My teaching experience is all tutorial. While all my students were related to me, siblings and children, I still pride in the accomplishments. My siblings have passed their SATs and my children have been home-school with the CNED French system for at least four years!
Yet, I discovered the wonders of group class last weekend when I decided five children between the age of 4 and 7 should "work" on an Art Project by this very demanding CNED program. Granted 5 children is not considered a conventional class but I had the pleasure of watching my own children and their friends follow my instructions in a subject I don't know anything about, except for having read the "teacher manual" that CNED sends to the tutors.
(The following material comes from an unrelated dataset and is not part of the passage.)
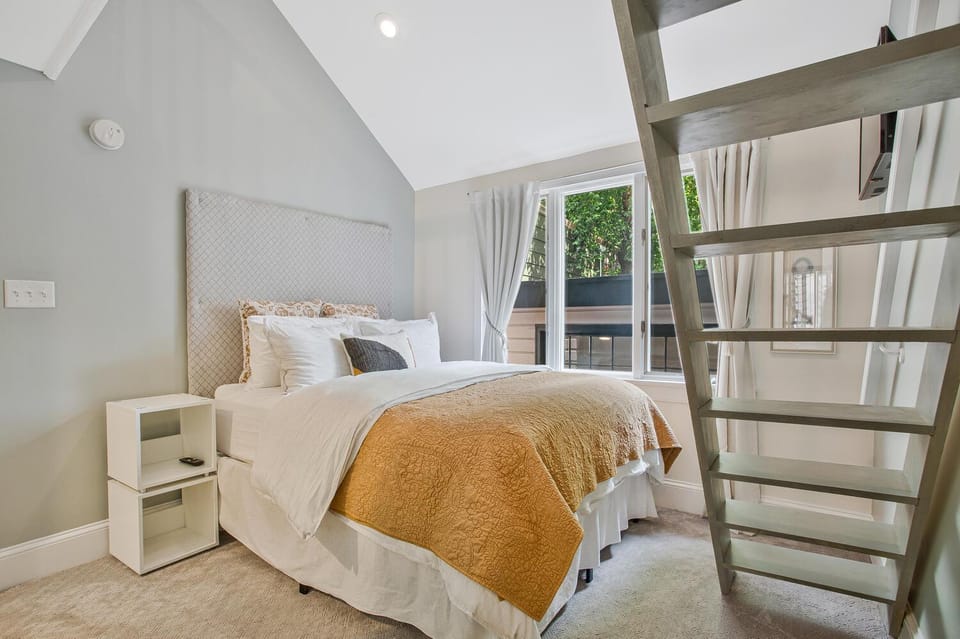 Historic Row Home in Downtown Annapolis House in Spa Creek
I would not have been able to attain the goal required, nor enjoy the process as much as the children did had I taken brush and paint palettes and worked on the art project myself.
I took out the gouache paint tubes, selected dark and light blue. The trick was to discover the complimentary colors. I spied on the teacher's manual: brought out some white, some black and some green and the experiment with blue began!
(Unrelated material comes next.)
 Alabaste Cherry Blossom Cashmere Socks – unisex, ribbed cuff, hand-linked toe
Unlike sciences, in art there is no right answer and all artistic endeavors (at least in primary school) are laudable. What a sight to watch the artists seeking the secret blue hue of Yves Klein! In the end, few did find the various shades of blue. There was a large deal of creativity and fun.
A single student, Maryam, lingered with the colors, wondering about the mysteries of turquoise, diluting with water, adding a shade of white or green. She asked me: "I wish I had an artist to ask, how do you make turquoise?" I took her to Mehdi Farhadian's painting, and told her: "I stare at the various shades of blue and wonder daily." Inquisitive Maryam won the competition of blue and deserves to meet Farhadian soon.